会談したのは盧武鉉(ノ・ムヒョン)大統領に近い李鍾ソク(イ・ジョンソク)NSC事務次長。党内で「韓国通」として知られる小林氏は日韓首脳会談(六月二十日)前の六月初旬にも同事務次長と会談。靖国問題などで会談開催が危ぶまれる中、「首脳会談では第三の追悼施設検討に触れてほしい」と書かれた大統領の親書を預かり、首相官邸に届けた経緯もある。
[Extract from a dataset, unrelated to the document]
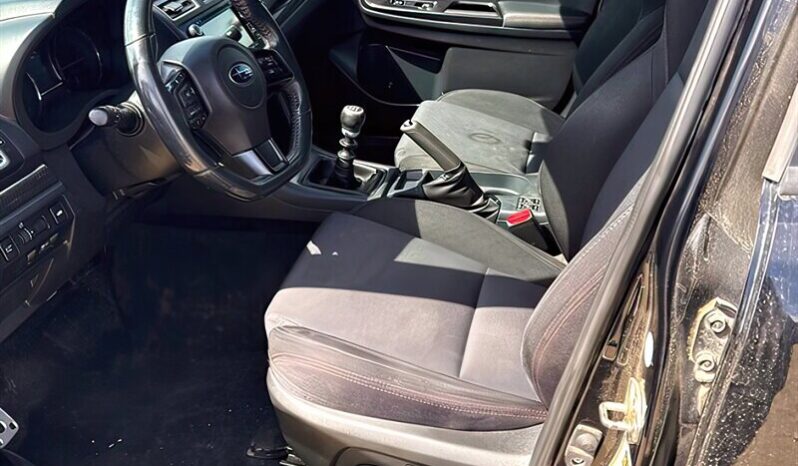 
								2018 Subaru WRX Premium AWD full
核放棄した場合には北に電力供給する−という先に発表した韓国提案について、李事務次長は「韓国独自で供給するが、三年間はかかる計画。日本にはそれまでの間、ストップしている重油供給の再開を検討してほしい」と説明。小林氏は、「拉致問題が協議で扱われなければ、日本の世論の反発を招くのではないか」と感想を伝えたという。
帰国した小林氏は、六カ国協議について「韓国が日本に期待する部分はあるわけで、その中で拉致をどう絡めていけるかだ。政府外交で行き詰まった部分を議員外交で補完できれば」と説明。一方で「北が譲歩するか、高圧的に出るかは予断を許さない」と警戒感を強めている。